What you have to do — Reproduce every record exactly as it appears, but not the pictures.

[[ Data for the task open ]]

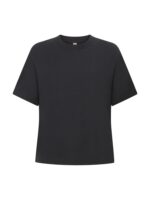 Over-T Women - Imagen 5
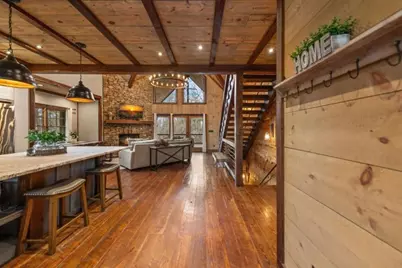 134 Cohutta Overlook Trail, Blue Ridge, GA 30513 - Photo 13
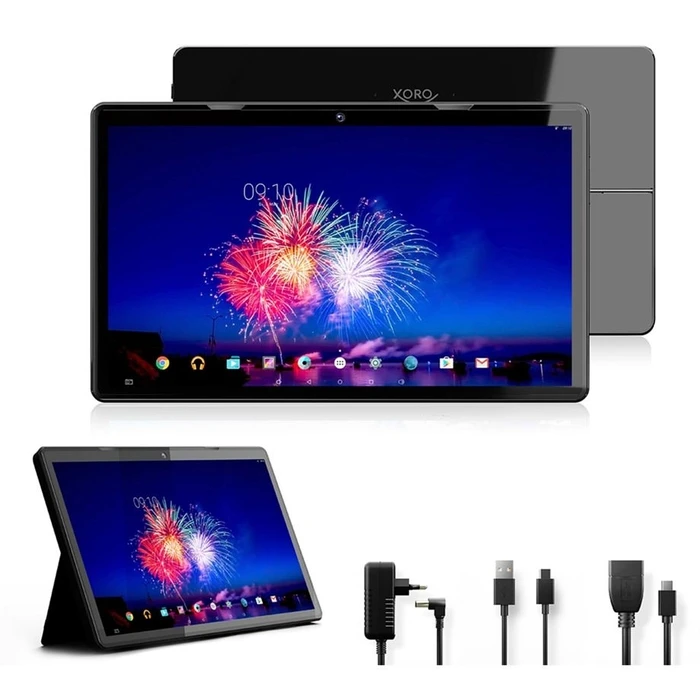 Tablet Xoro MegaPAD 1333 Pro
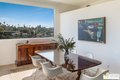 Additional image 13 of 1346 Westerly Ter, Los Angeles, CA, 90026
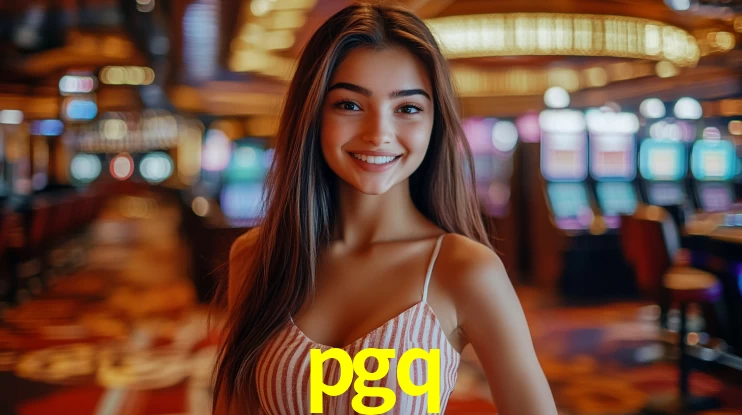 Ofertas Imperdíveis na pgq: Promoções e Bônus Que Valem a Pena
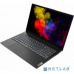 Ноутбук Lenovo V15 G2 ALC 82KD0033RU 15.6 {FHD Ryzen 5 5500U/8Gb/512Gb SSD/DOS} купить QBS.ru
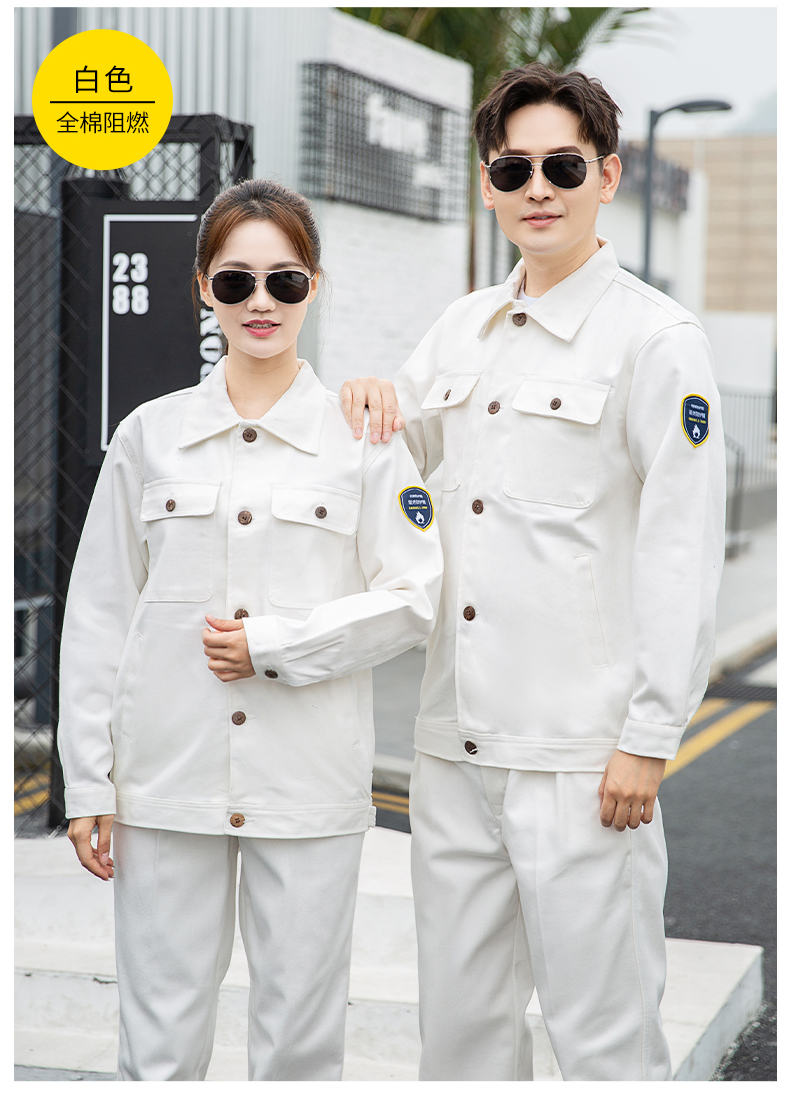 TZ001-004(图18) TZ001-004(图18)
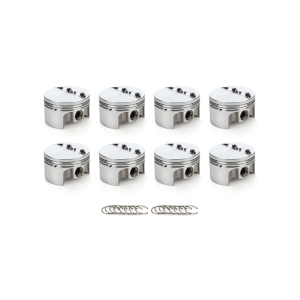 Browse Race Tec Pistons Engines & Parts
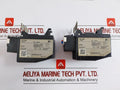 Tr-n2 Thermal Overload Relay 690 V Fuji Electric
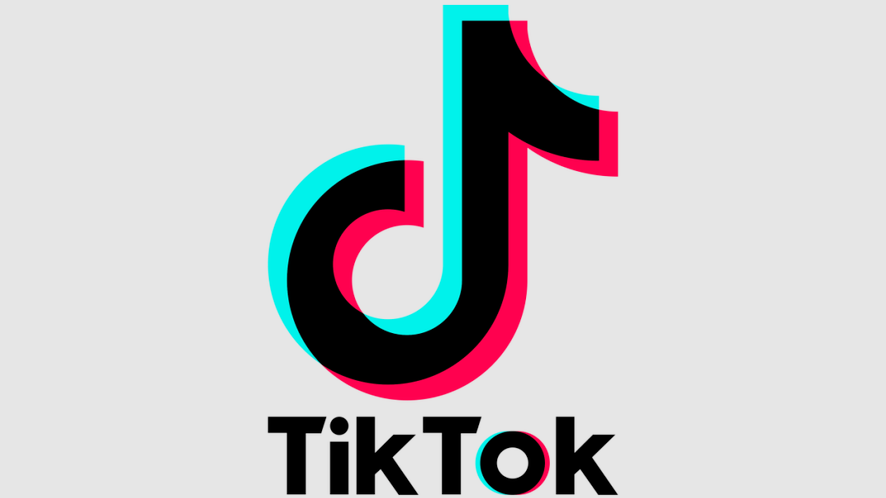 抖音tiktok官方下载网址是什么 抖音tiktok官网链接入口官方
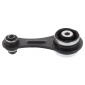 MAPCO 36110
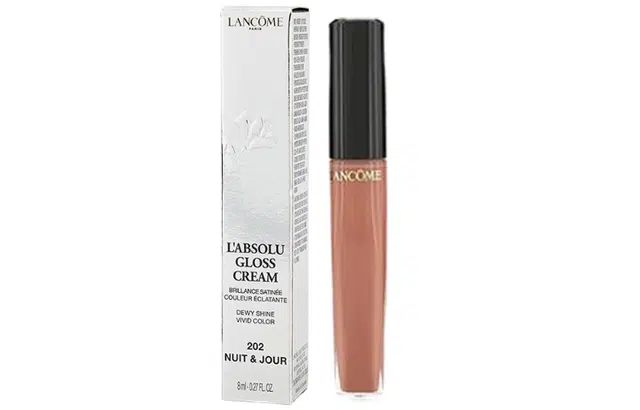 8ml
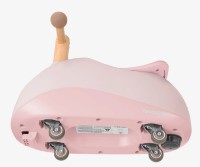 Толокар Kikka Boo Ride-On Sizzy Pink (31006030034) фото №5 — интернет-магазин Desire.md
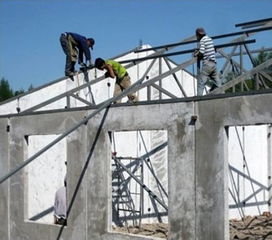 不合理壓縮施工工期及工程造價,成嚴查工程事故首要因素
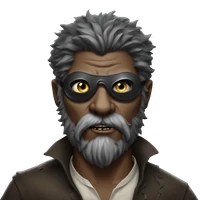 Ivan Kulynych's profile picture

[[ Data for the task closed ]]

Problem solution —
 Over-T Women - Imagen 5
 134 Cohutta Overlook Trail, Blue Ridge, GA 30513 - Photo 13
 Tablet Xoro MegaPAD 1333 Pro
 Additional image 13 of 1346 Westerly Ter, Los Angeles, CA, 90026
 Ofertas Imperdíveis na pgq: Promoções e Bônus Que Valem a Pena
 Ноутбук Lenovo V15 G2 ALC 82KD0033RU 15.6 {FHD Ryzen 5 5500U/8Gb/512Gb SSD/DOS} купить QBS.ru
 TZ001-004(图18) TZ001-004(图18)
 Browse Race Tec Pistons Engines & Parts
 Tr-n2 Thermal Overload Relay 690 V Fuji Electric
 抖音tiktok官方下载网址是什么 抖音tiktok官网链接入口官方
 MAPCO 36110
 8ml
 Толокар Kikka Boo Ride-On Sizzy Pink (31006030034) фото №5 — интернет-магазин Desire.md
 不合理壓縮施工工期及工程造價,成嚴查工程事故首要因素
 Ivan Kulynych's profile picture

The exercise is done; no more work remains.